• _GOAL OF THE EXERCISE_
Where the listing shows an image, skip it and output all other material unchanged.

• _RECORD EXTRACTS_
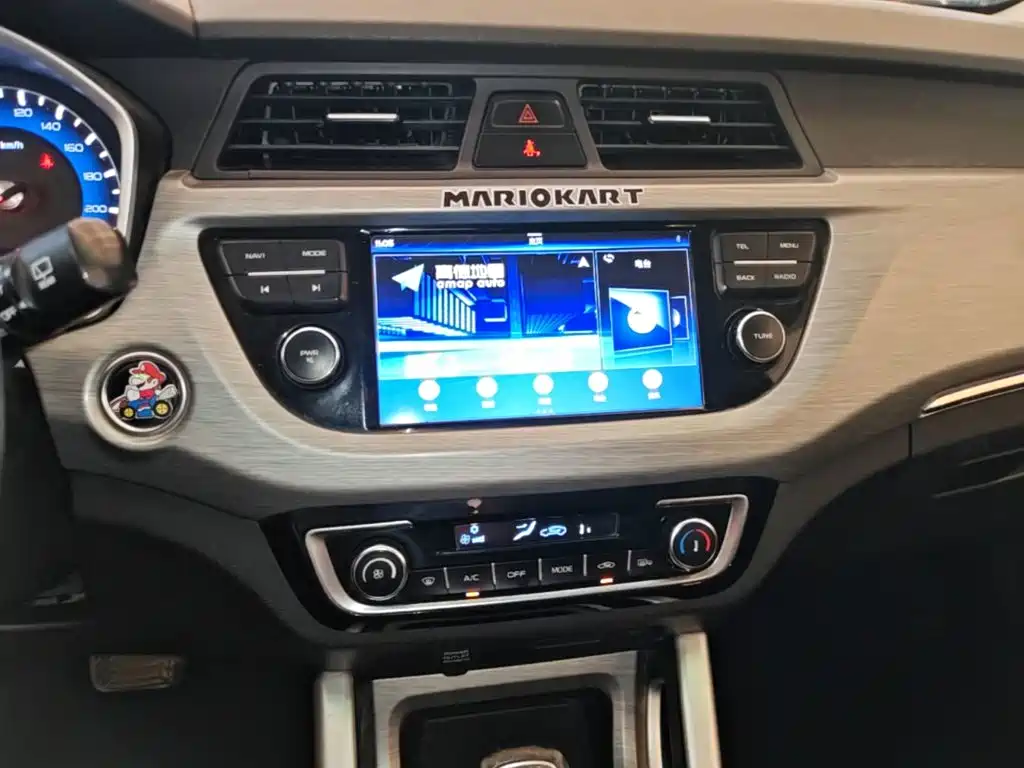 Geely Vision X3 — миниатюра 13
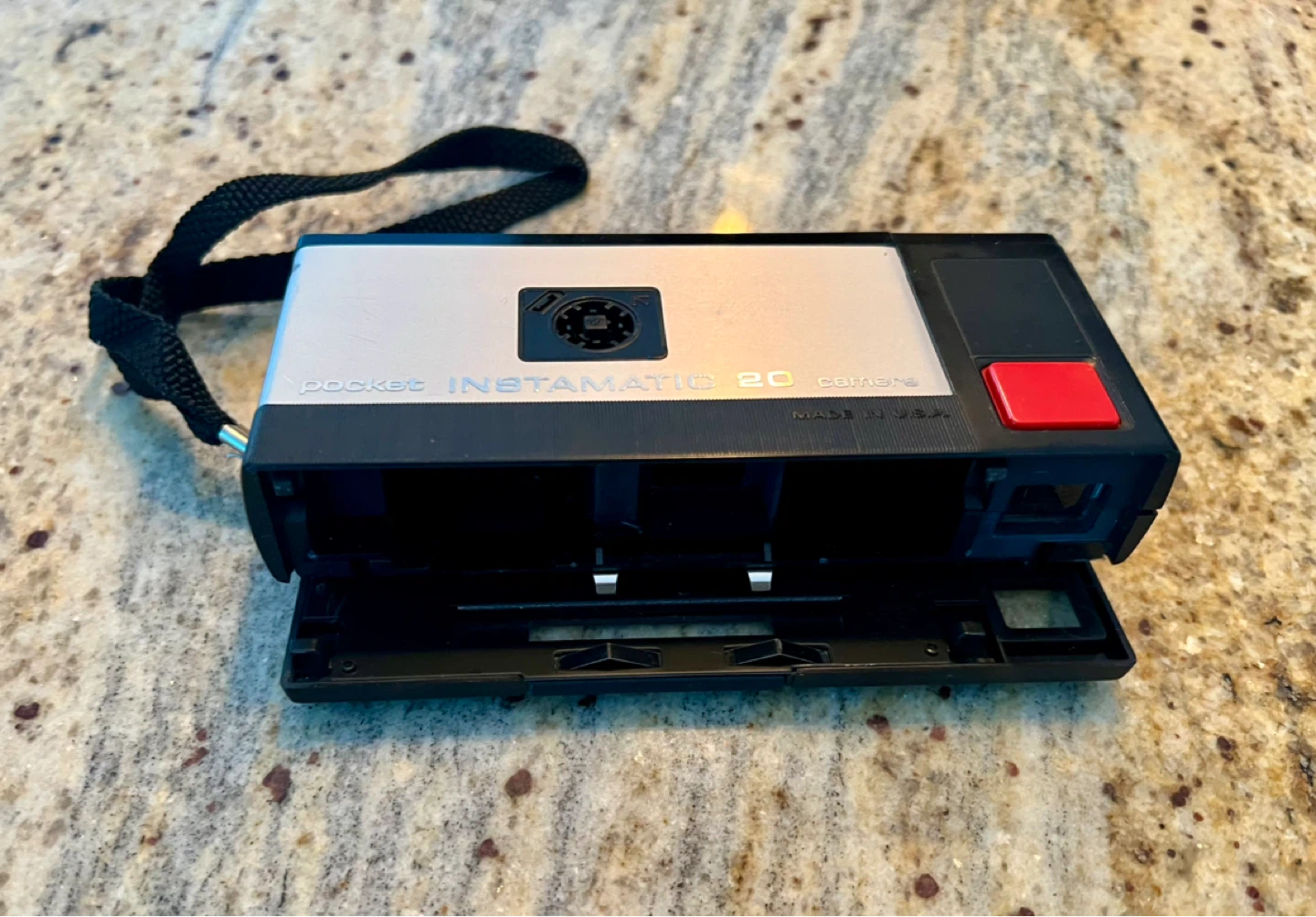 Kodak Pocket Instamatic 20 Camera - photo 3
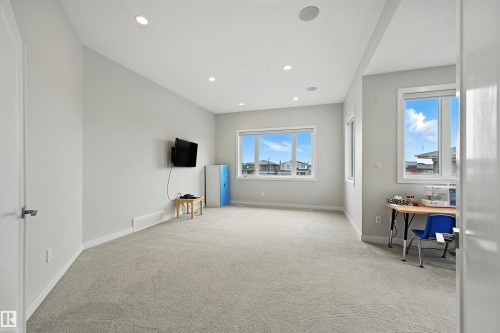 2620 Wheaton Close, Edmonton, AB - Indoor Photo Showing Other Room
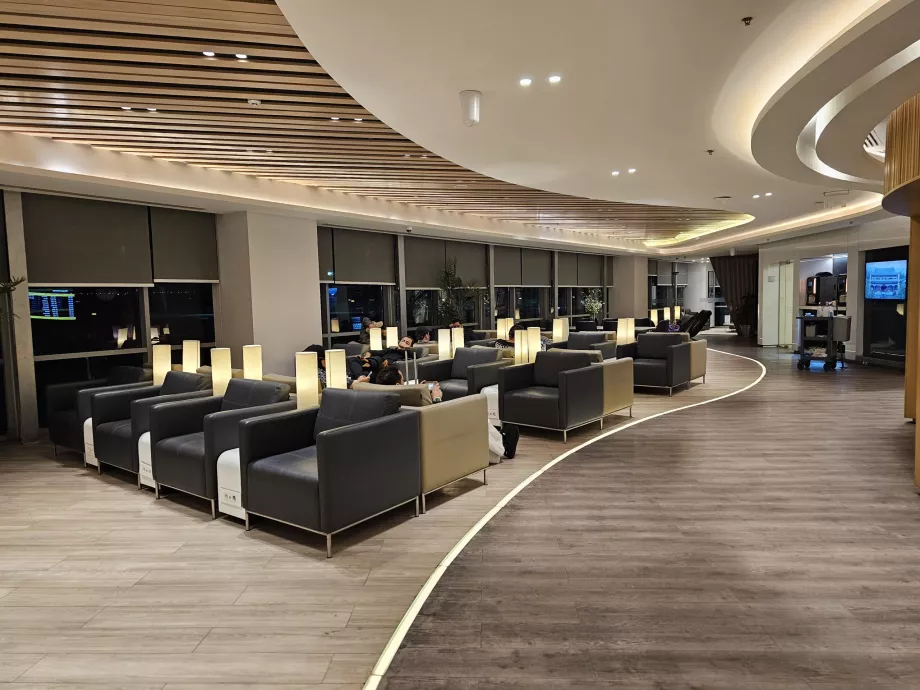 Салон Ahlein, цялостна атмосфера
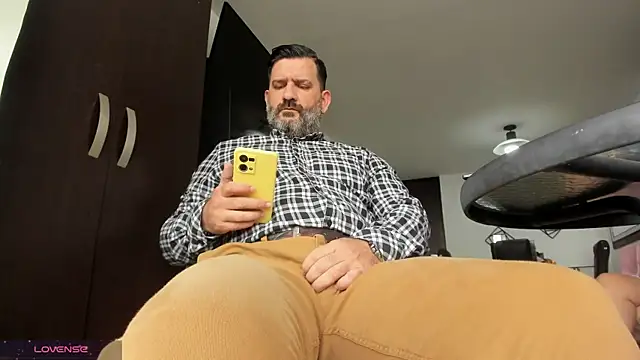 Maxi TheBigDaddy online show from 04.27.26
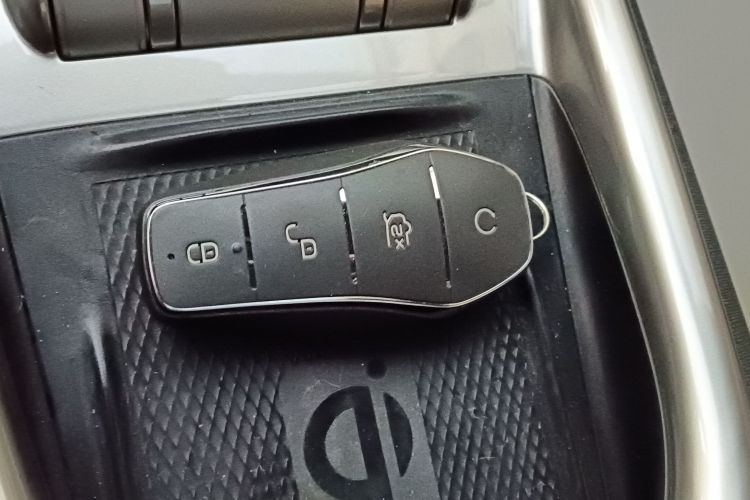 比亚迪 海豚 2021款 405km 时尚版中控内饰7001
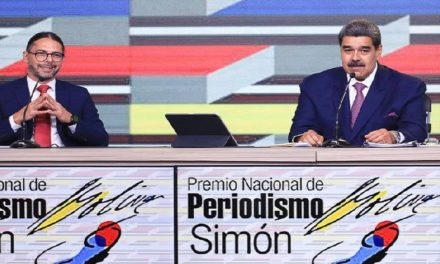 Inicia convocatoria al Premio Nacional de Periodismo Simón Bolívar 2024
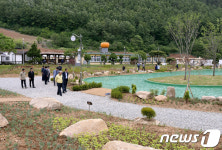 폐교 활용한 마을자립형 사업…삼척 미로정원 31일 개장
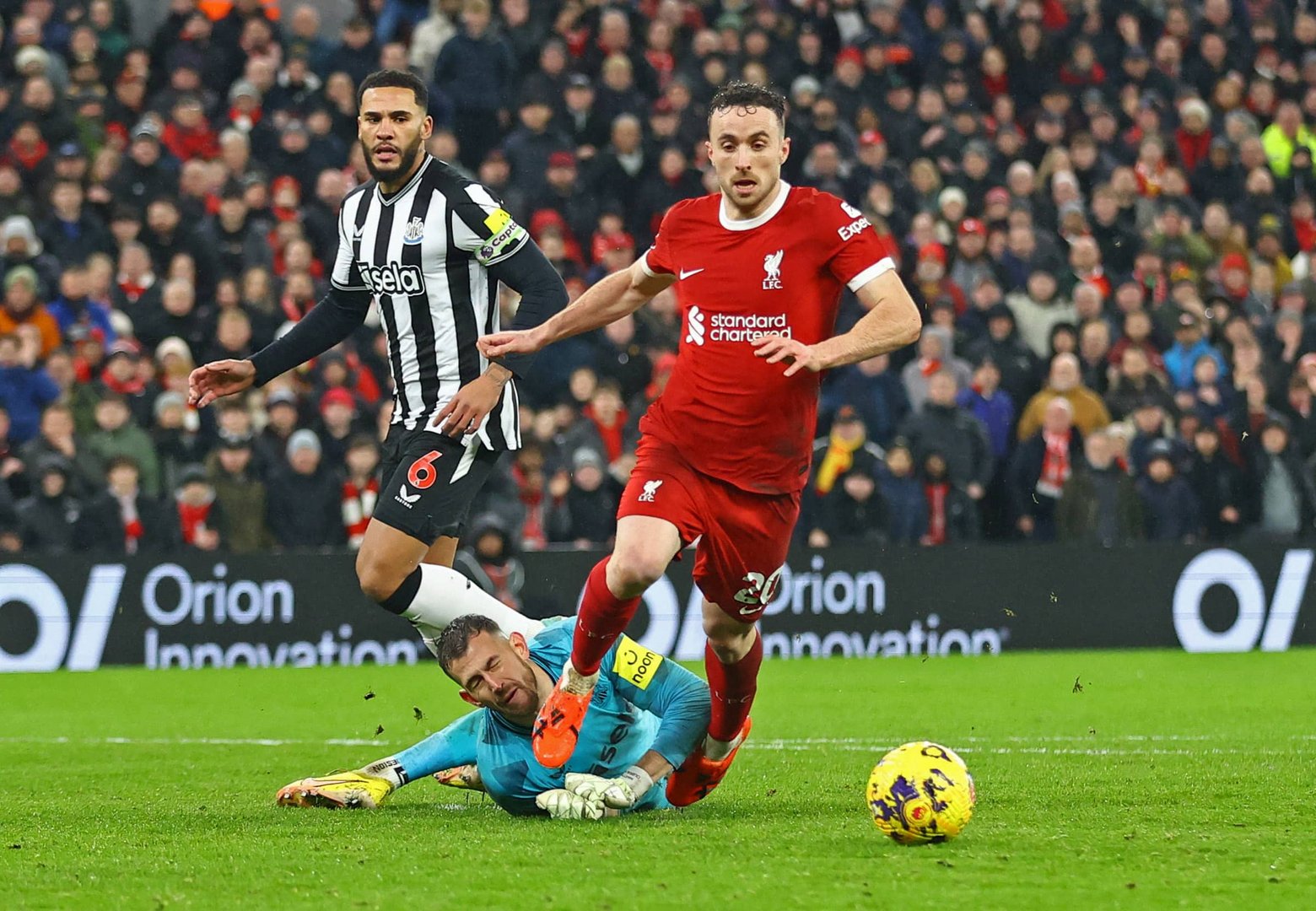 image Salah scores twice as league-leading Liverpool beat Newcastle 4-2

• _RESPONSE AREA_
 Geely Vision X3 — миниатюра 13
 Kodak Pocket Instamatic 20 Camera - photo 3
 2620 Wheaton Close, Edmonton, AB - Indoor Photo Showing Other Room
 Салон Ahlein, цялостна атмосфера
 Maxi TheBigDaddy online show from 04.27.26
 比亚迪 海豚 2021款 405km 时尚版中控内饰7001
 Inicia convocatoria al Premio Nacional de Periodismo Simón Bolívar 2024
 폐교 활용한 마을자립형 사업…삼척 미로정원 31일 개장
 image Salah scores twice as league-leading Liverpool beat Newcastle 4-2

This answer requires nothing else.